Use variation of clustering information to compare pairs of splits
Source:R/Information.R
MeilaVariationOfInformation.Rd
Compare a pair of splits viewed as clusterings of taxa, using the variation of clustering information proposed by (Meila 2007) .
Value
MeilaVariationOfInformation()
returns the variation of (clustering)
information, measured in bits.
MeilaMutualInformation()
returns the mutual information,
measured in bits.
Details
This is equivalent to the mutual clustering information (Vinh et al. 2010) . For the total information content, multiply the VoI by the number of leaves.
References
Meila M (2007).
“Comparing clusterings—an information based distance.”
Journal of Multivariate Analysis, 98(5), 873–895.
doi:10.1016/j.jmva.2006.11.013
.
Vinh NX, Epps J, Bailey J (2010).
“Information theoretic measures for clusterings comparison: variants, properties, normalization and correction for chance.”
Journal of Machine Learning Research, 11, 2837–2854.

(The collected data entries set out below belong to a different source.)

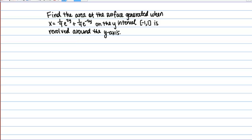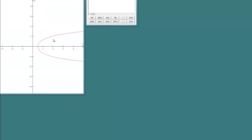Let me quickly show you what this graph or relationship looks like. This is the shape we get if we graph this, and we are looking specifically at the Y interval from negative 1 to 1 — about from here to here, this segment of the curve — and we are revolving it around the Y axis, so perhaps you can picture what that surface might look like.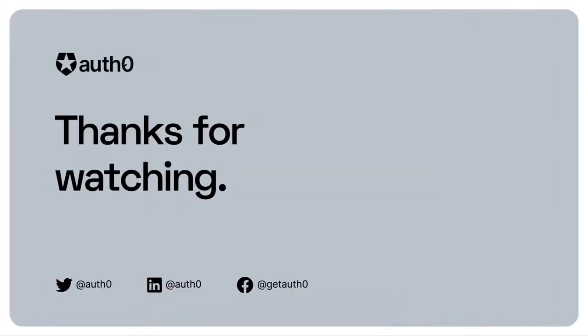I hope you enjoyed this video. Please check out the video notes and links below for more information. Thank you.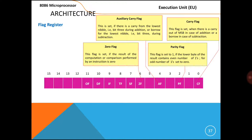Next, the Parity Flag. The parity flag is going to be set if the lower byte of the result contains an even number of ones. For example, if the result in AX is 25 (hex), then the lower byte is 25. Writing the binary for 25: 0010 0101 — you get three ones, which is an odd number, so the parity flag is not going to be set.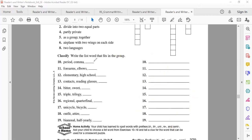Number ten: a period and a comma together — there's a name for it. Semicolon! Very good. So number ten is semicolon. Number eleven: forearms or elbows? No — biceps! Very good, we have biceps.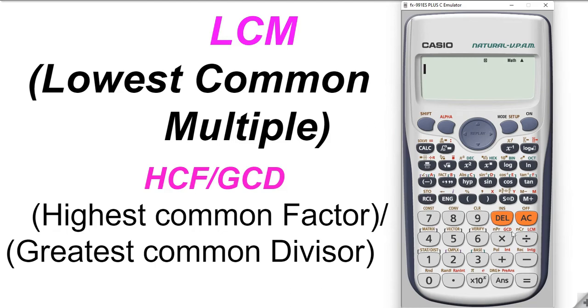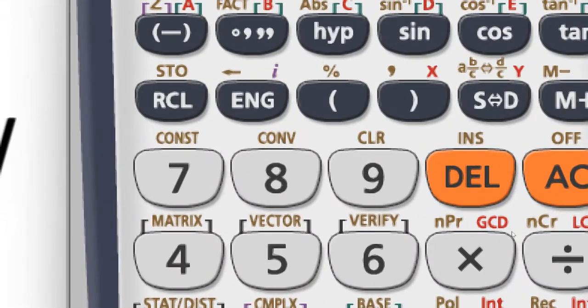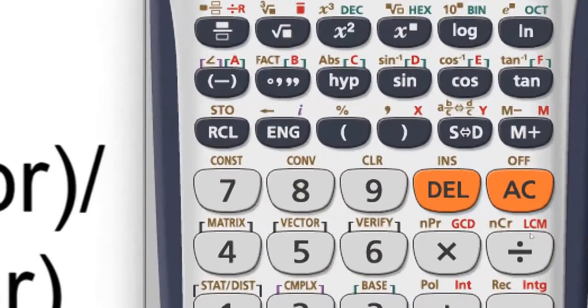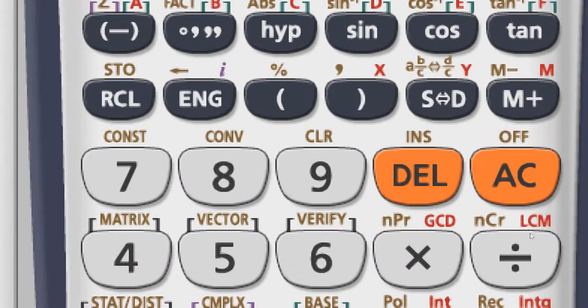First of all, let me show you one thing on this calculator. Here GCD is written, which means greatest common divisor. It is also known as highest common factor or SCF. Next to this button we can see another button for the lowest common multiple. We can use these two keys for finding the LCM and SCF of two given numbers.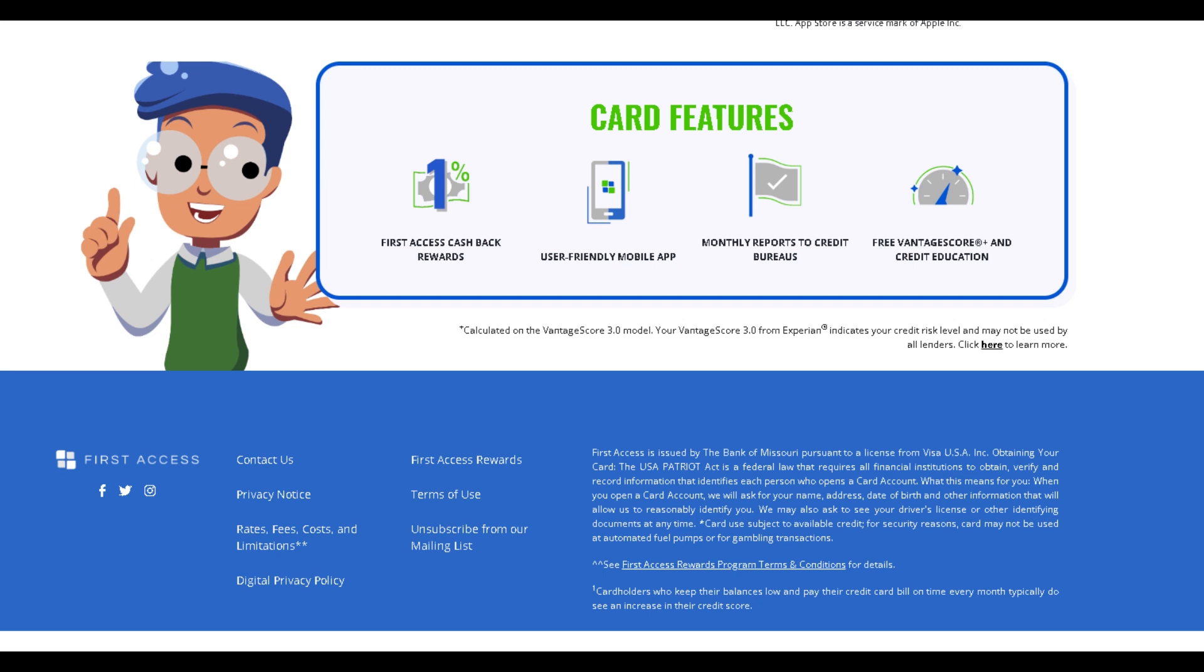Embrace a credit solution that propels your access forward with the First Access Visa, where financial ease meets entertainment.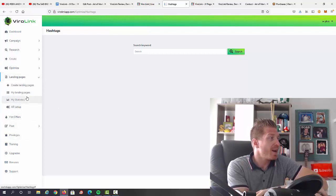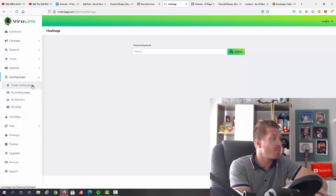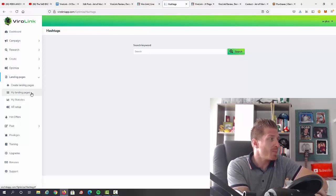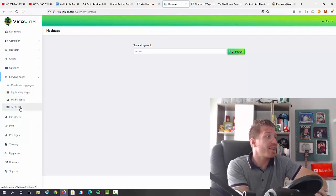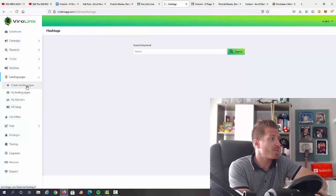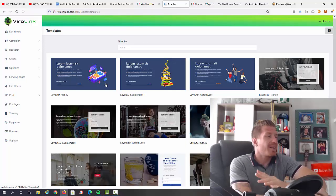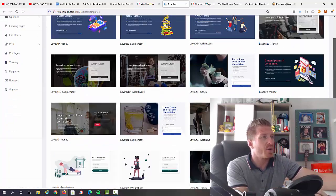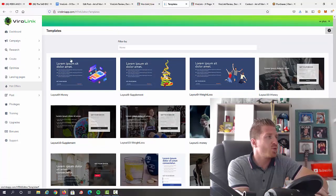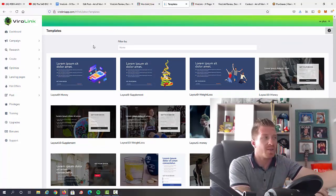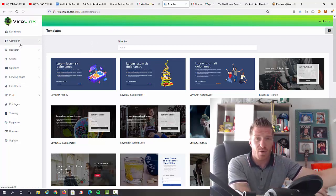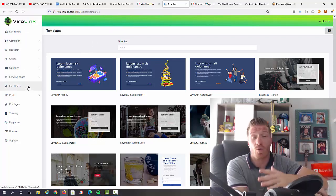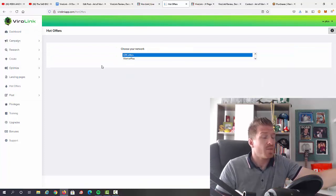Next up we have landing pages. So as you can see, we can create a landing page from scratch, we can access my landing pages, we can access the statistics, and we have an autoresponder setup as well. So let me just click on create the landing page, and again as I mentioned, you already have all these templates ready for you. So you can just pick one, edit it to your choosing, and obviously you can do this again as a part of a campaign or independently if you want to just go through this one step.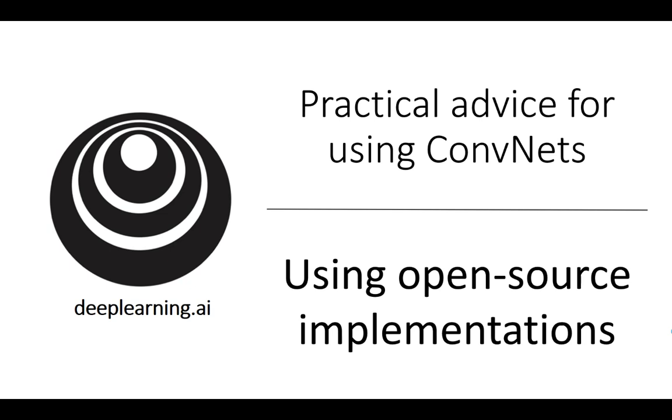You've now learned about several highly effective neural network and ConvNet architectures. What I want to do in the next few videos is share with you some practical advice on how to use them, first starting with using open source implementations.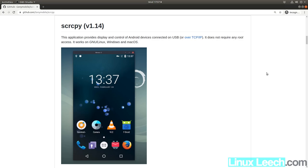In this video we're going to install ScreenCopy. ScreenCopy allows you to display, control, and record the screen of an Android device. But unlike other apps that accomplish this, ScreenCopy doesn't watermark your recordings or limit the frames per second, resolution, or duration of your recordings.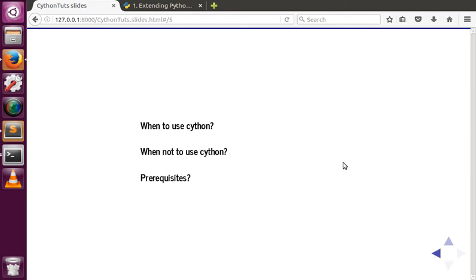What are the prerequisites for learning Cython? You should have a basic understanding of C as well as Python. Specifically, you need basic knowledge of C programming and static typing details that are available in C but not in Python. With these prerequisites, we can proceed with the Cython tutorials. In the next video we'll see how to set up Cython in your system and compare examples between Python code and Cython-compiled code.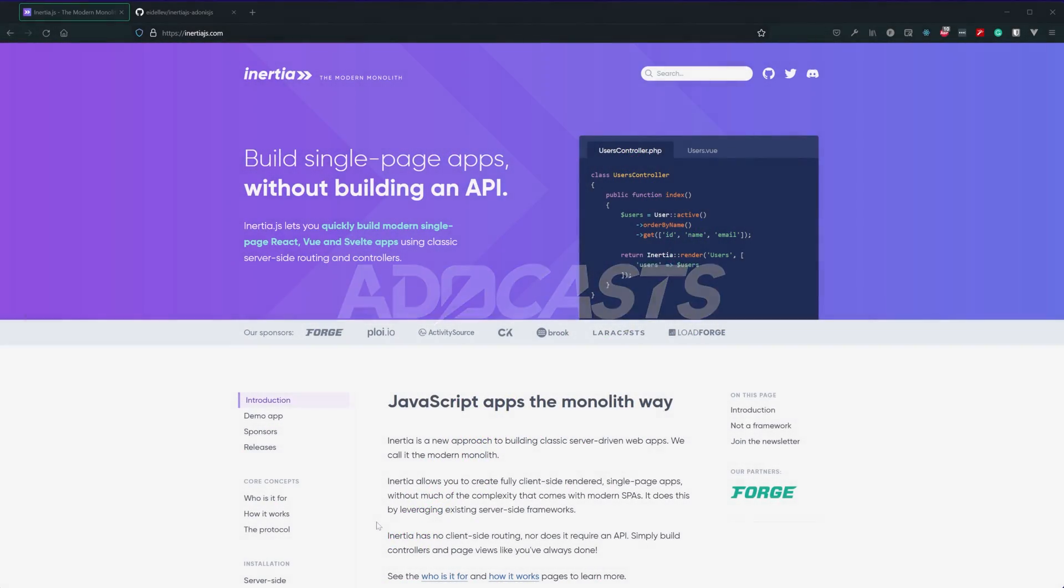Inertia.js provides a unique approach to a monolithic application that they call the modern monolith. Essentially it's going to act as a middle layer. It's going to help us communicate between our back end and our front end.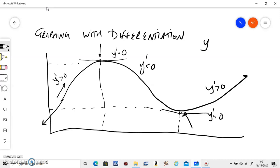Now how do we check if it's a maximum or a minimum? On the left of it, it has to be positive and on the right of it, it needs to be negative — then it is a maximum point. If on the left of a point it is negative and on the right of it it is positive, then it will be a local minimum. So once again: at local max and local min, y' is zero. Left positive, right negative — it is a max. Left negative, right positive — it's a local min.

doi:10.1145/1553374.1553511
.
Examples
# Maximum variation = information content of each split separately
A <- TRUE
B <- FALSE
MeilaVariationOfInformation(c(A, A, A, B, B, B), c(A, A, A, A, A, A))
#> [1] 1
Entropy(c(3, 3) / 6) + Entropy(c(0, 6) / 6)
#> [1] 1
# Minimum variation = 0
MeilaVariationOfInformation(c(A, A, A, B, B, B), c(A, A, A, B, B, B))
#> [1] 0
# Not always possible for two evenly-sized splits to reach maximum
# variation of information
Entropy(c(3, 3) / 6) * 2 # = 2
#> [1] 2
MeilaVariationOfInformation(c(A, A, A,B ,B, B), c(A, B, A, B, A, B)) # < 2
#> [1] 1.836592
# Phylogenetically uninformative groupings contain spliting information
Entropy(c(1, 5) / 6)
#> [1] 0.6500224
MeilaVariationOfInformation(c(B, A, A, A, A, A), c(A, A, A, A, A, B))
#> [1] 1.203213